» **Problem description**: What lines of the data below hold "Interior"? Show them.
[[ Records to process, beginning ]]
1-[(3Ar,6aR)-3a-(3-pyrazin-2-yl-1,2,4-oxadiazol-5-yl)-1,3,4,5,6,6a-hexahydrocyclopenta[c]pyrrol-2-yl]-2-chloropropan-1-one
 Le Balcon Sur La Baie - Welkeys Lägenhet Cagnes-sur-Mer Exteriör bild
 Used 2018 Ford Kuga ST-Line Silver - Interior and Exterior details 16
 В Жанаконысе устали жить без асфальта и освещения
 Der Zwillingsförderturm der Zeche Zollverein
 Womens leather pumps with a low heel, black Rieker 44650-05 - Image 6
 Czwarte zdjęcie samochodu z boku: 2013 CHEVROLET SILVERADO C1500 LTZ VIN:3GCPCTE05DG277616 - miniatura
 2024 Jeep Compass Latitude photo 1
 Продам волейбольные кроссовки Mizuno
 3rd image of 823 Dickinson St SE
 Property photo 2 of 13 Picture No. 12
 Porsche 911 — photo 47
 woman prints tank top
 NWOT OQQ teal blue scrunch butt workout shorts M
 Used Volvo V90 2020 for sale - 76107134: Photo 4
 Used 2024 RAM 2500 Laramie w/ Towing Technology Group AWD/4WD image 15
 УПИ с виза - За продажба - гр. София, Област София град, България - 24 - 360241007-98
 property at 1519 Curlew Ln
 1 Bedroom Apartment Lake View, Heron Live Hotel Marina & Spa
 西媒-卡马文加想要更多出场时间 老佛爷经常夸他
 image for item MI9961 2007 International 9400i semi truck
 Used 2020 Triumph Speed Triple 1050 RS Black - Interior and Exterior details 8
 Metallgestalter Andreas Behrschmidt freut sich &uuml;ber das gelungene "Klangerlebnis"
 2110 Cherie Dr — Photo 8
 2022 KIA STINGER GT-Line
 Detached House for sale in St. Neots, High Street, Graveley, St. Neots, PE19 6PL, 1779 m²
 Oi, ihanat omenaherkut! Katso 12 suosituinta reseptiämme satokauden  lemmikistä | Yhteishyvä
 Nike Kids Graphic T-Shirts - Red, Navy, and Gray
[[ Records to process, end ]]
» **Reply**:
 Used 2018 Ford Kuga ST-Line Silver - Interior and Exterior details 16
 Used 2020 Triumph Speed Triple 1050 RS Black - Interior and Exterior details 8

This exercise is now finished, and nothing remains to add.